The Chicago White Sox are interested in unloading some of their outfield depth, reportedly fielding offers on outfielders Alejandro De Aza and Dayan Viciedo, according to Jon Heyman of CBSSports.com. The two are currently battling for Chicago's left field spot, with the loser likely to be deemed expendable.
The White Sox' outfield makeup has gone through quite a bit of change since last July. The team first sent Jake Peavy to the Red Sox, acquiring Tigers' outfield prospect Avisail Garcia. In August, they dealt right fielder Alex Rios to the Rangers, clearing the path for a true youth movement in the outfield.
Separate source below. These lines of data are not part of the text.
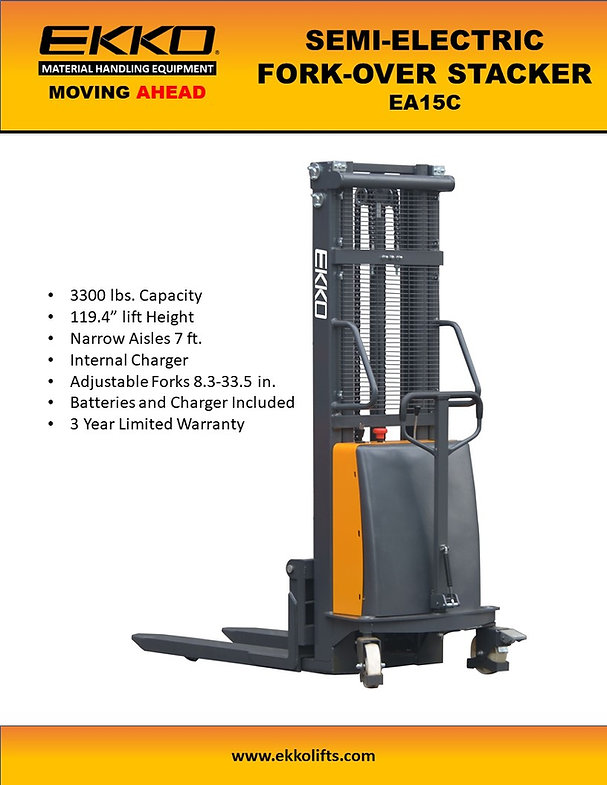 Semi-Electric Stacker EA15E, 3,300 lbs. Capacity PDF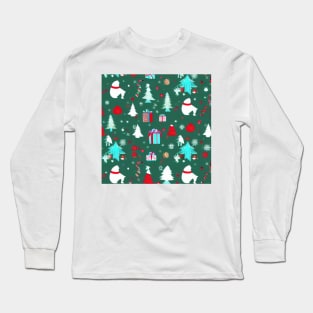 Cute Christmas Theme Holiday Pattern. Long Sleeve T-Shirt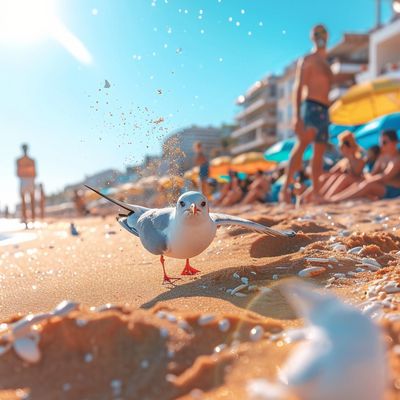 Seagull on Sandy Beach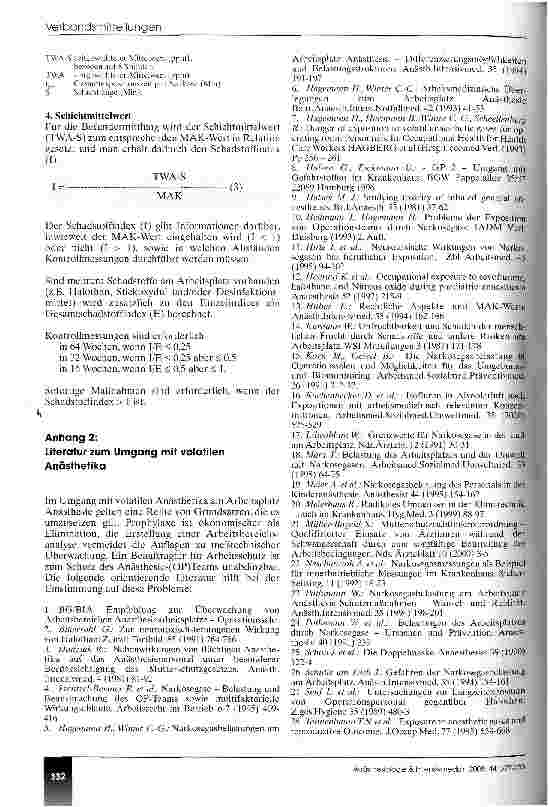 Vorschauseite 6: Umsetzung der Gefahrstoffverordnung Empfehlung der BDA-Kommission Gesundheitsschutz am anästhesiologischen Arbeitsplatz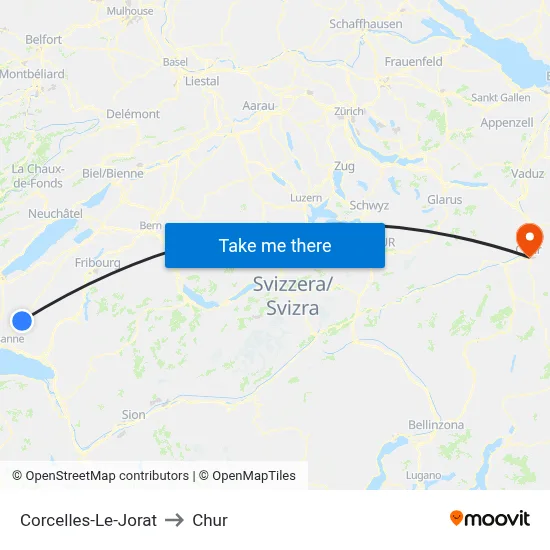 Corcelles-Le-Jorat to Chur map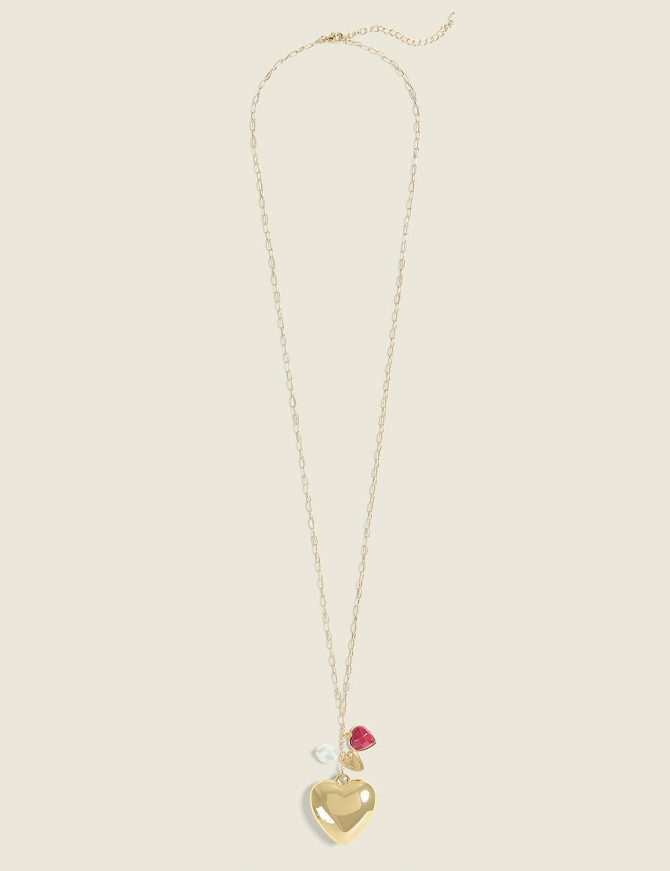 Goldtone Heart & Charms Necklace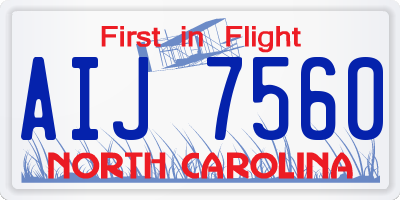 NC license plate AIJ7560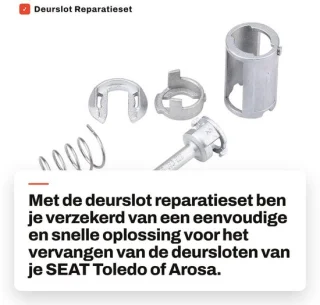 Dailygoods deurslot reparatieset vervanging 3B0 837 167/168 voor Seat Toledo Arosa
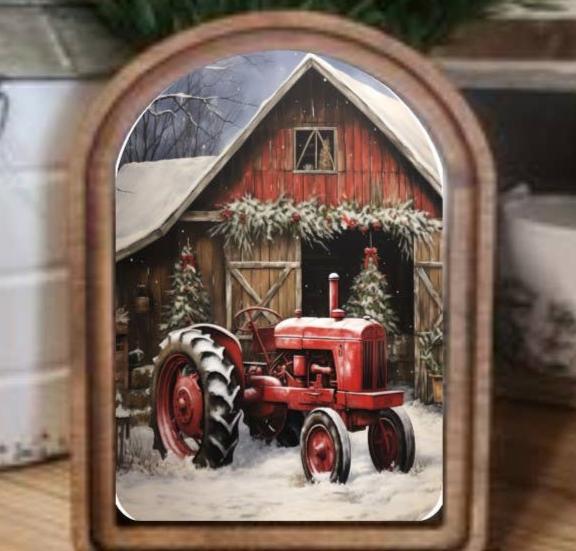 Christmas Tractor Framed Art Arch Top
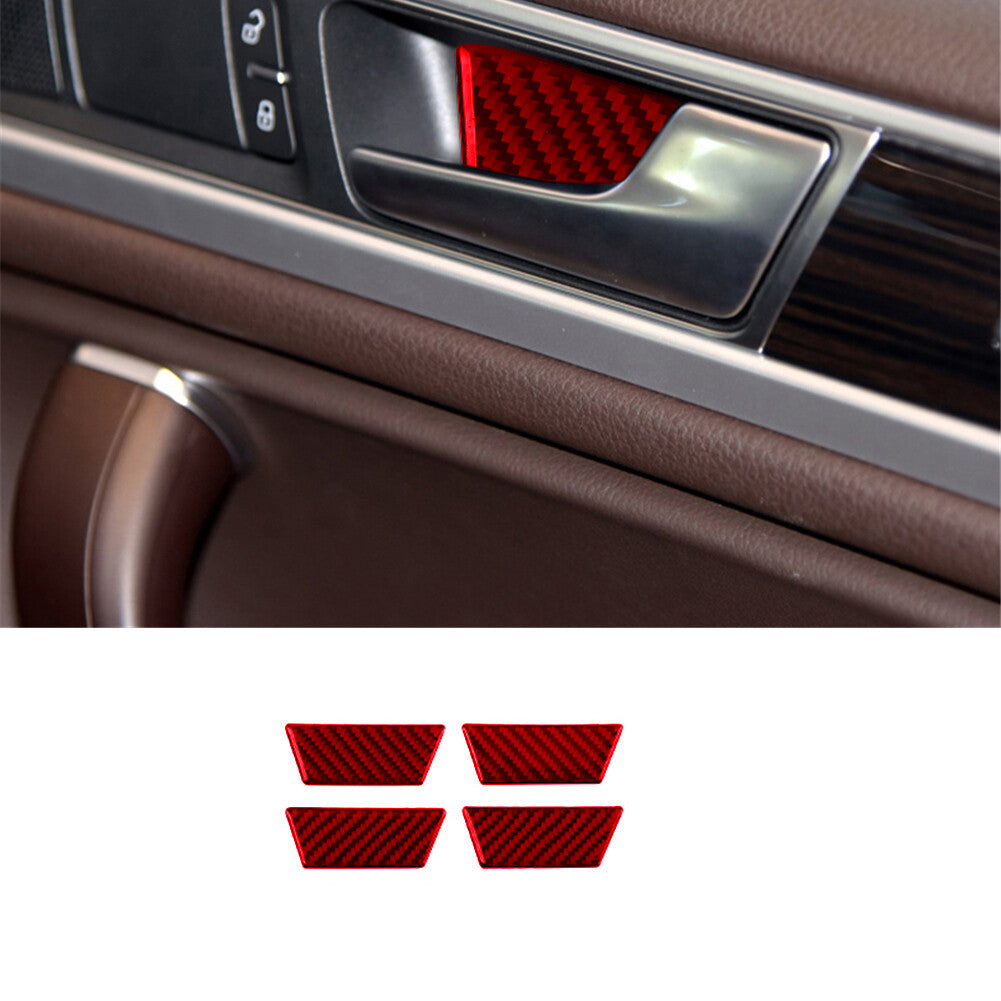 Red 4X Inner Door Handle Trim Cover Decor Carbon Fiber for VW Touareg 2011-2018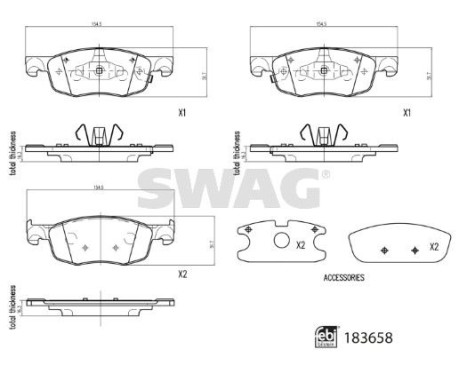 brake pad set 33109110 Swag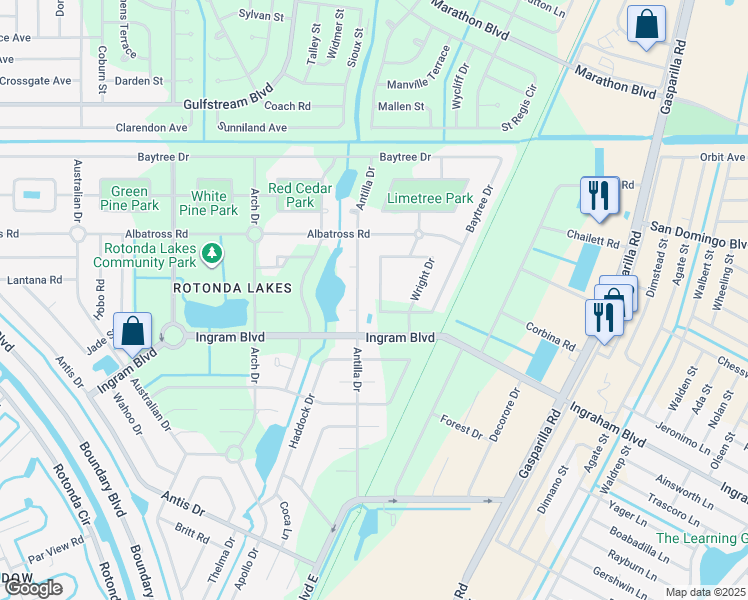 map of restaurants, bars, coffee shops, grocery stores, and more near 169 Antilla Drive in Rotonda West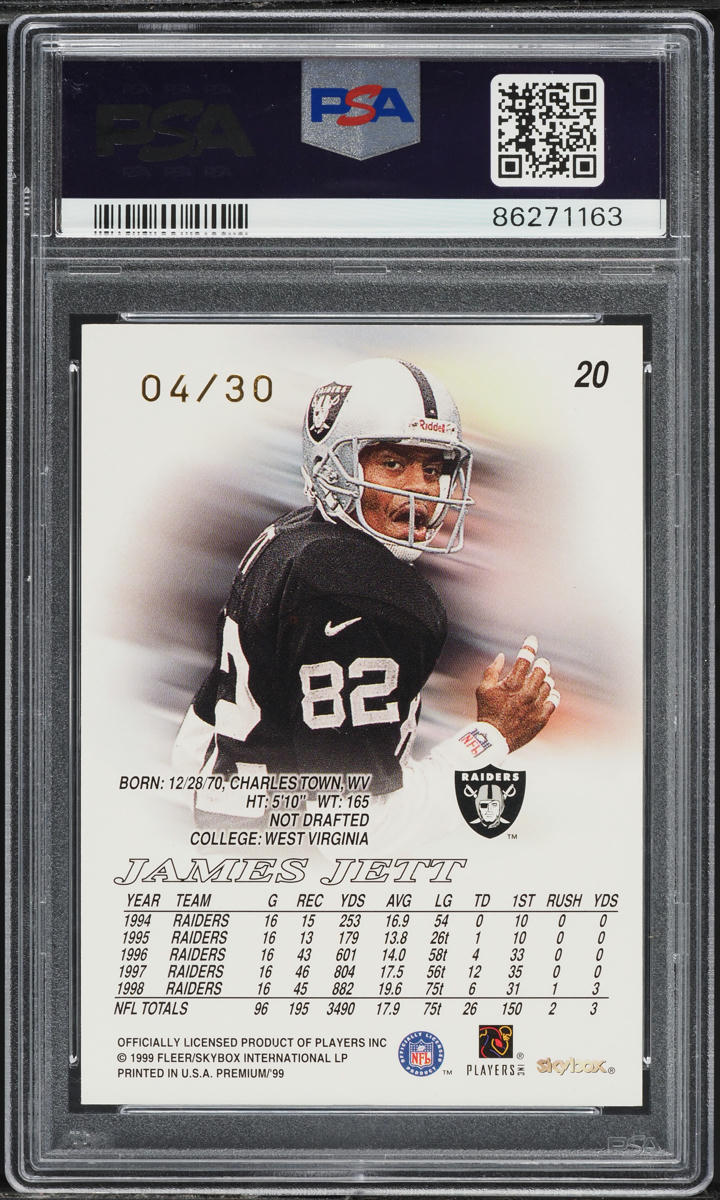 1999 Skybox Premium Shining Star Rubies James Jett /30 #20 PSA 6 EXMT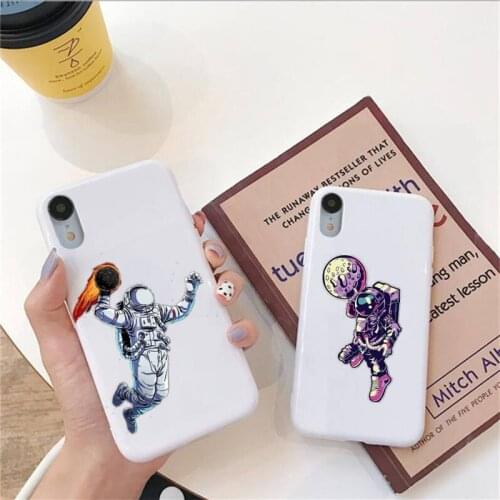 Basketball Space Astronaut Fire Phone Case For Iphone 6 6s 7 8 Plus XR X XS XSmax 11 12 Pro Mini Max Candy White Silicone Cover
Finally, Chicago added former Diamondback Adam Eaton as part of the three-way Mark Trumbo trade in December.
As it stands, Eaton and Garcia are expected to man center and right field, respectively, with the left field position an open competition between Viciedo and De Aza.
De Aza, nearly 30, is under team control for just two more seasons but is certainly the more reliable option to VIciedo. Since taking over Chicago's starting center field job in 2012, he has hit .271/.335/.408 (100 OPS+) with a 4.9 WAR, 26 home runs, and 46 stolen bases. Last season, his on-base ability dipped (.349 in 2012 to .323 in 2013), but he saw a significant boost in his over the fence power, raising his home run total from 9 to 17. As a center fielder, De Aza has a slightly below-average UZR of -0.3, but defensive runs saved has him as among the worst center fielders in baseball, attributing him with costing the White Sox 18 runs in the field last year. A move to left field would significantly raise his defensive profile, though it would put quite a bit more pressure on the bat to perform.
Viciedo, 25, came over from Cuba in 2008, but has failed to live up to expectations. He has shown well above-average power, blasting 25 home runs in 2012 and slugging .432 for his career, however, he doesn't do much else, as he has a career .306 OBP to go along poor baserunning and atrocious defensive skills. Unlike De Aza, Viciedo absolutely doesn't belong in the field and it is likely that any acquiring team would immediately move him to first base or, preferably, designated hitter. He is blocked at both positions in Chicago by Adam Dunn, Paul Konerko, and another Cuban import in Jose Abreu.
The White Sox are pretty much looking to deal any player that they don't deem as a part of their future. They have been quite active acquiring young talent through trades (and in Abreu's case, free agent signings) over the past year, adding Eaton, Garcia, Abreu, and Matt Davidson. They have also been active in rebuilding a depleted farm system, drafting shortstop Tim Anderson last June and developing high-end prospects such as Erik Johnson and Marcus Semien. The team is lucky enough to also already have two-fifths of their future rotation in Chris Sale and Jose Quintana.